Grand Canyon/Disneyland 1/2 Marathon Weekend

Running on the trails gives us all a chance to reconnect with our ancient selves. We were designed as "bi-pedal locamotors", that is, we were born to travel on foot. Many of us have forgotten or lost touch with that side of ourselves as we settle in to the demands we have placed upon ourselves saying, "this is what society expects or forces me to do." There is no doubt that we have become comfortable in our existence. It is no surprise then why only a tenth of 1 percent of all the people of the U.S. will ever experience the uncomfortable nature of training and running a marathon or similar test of endurance. I would argue that they are worse for it. Dr. George Sheehan writes, "Success rests in having the courage and endurance and above all the will to become the person you are, however peculiar that may be. Then you will be able to say, I have found my hero and he is me." We were not meant to sit on the couch. We are part of the natural world and, although most of us feel a disconnect with it, have a place within it's hierarchy. Only by getting out there and experiencing it under our own power can we fully appreciate our place within it. I am not recommending that everyone go out and become a trail runner or ultra marathoner immediately, rather I would suggest that they do what my sisters are doing. Have a goal. Train. Achieve success. Repeat. Get off the couch and get outside.
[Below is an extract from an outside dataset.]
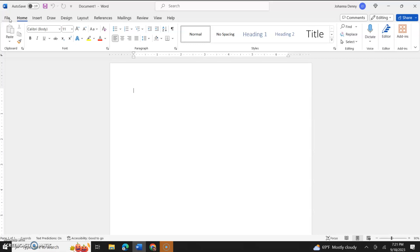Hello everyone, welcome back to Microsoft Word Tutorials. In today's video I'm simply going to show you how to open a file in Microsoft Word. Very simple.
Walk or run, it doesn't matter, either way you will be in the process of getting to know yourself and reconnecting with the world and the way you were designed to move through it.
There is hardly a better place to become acquainted with the ancient self than the Grand Canyon. Last year I was lucky enough to travel across the canyon and back on foot. Running through such a dramatic landscape is surreal. It is as if the Canyon takes on a personality of its own. It can be moody, peaceful, and down right angry. On our journey from the South Rim to the North Rim it rained the entire six hours. From the pre dawn start we could see rain pulling the clouds down into the canyon and the flashes of lightning somewhere below illuminating the darkness in this enormous expanse. The thunder rumbled low and echoed off the steep canyon walls. It's as if you're being warned to stay away and enticed to enter all at the same time. Once in the canyon the rain fell with increasing intensity. Soon steep canyon walls became 100 foot water falls and shallow creek crossings became flash floods trapping many in our group for over an hour. 4000 feet below the south rim the mighty Colorado River roared, brown with mud and debris. A brief rest at Phantom Ranch and we began our ascent up the North Kaibob Trail that would lead us to the North Rim some 6200 feet above.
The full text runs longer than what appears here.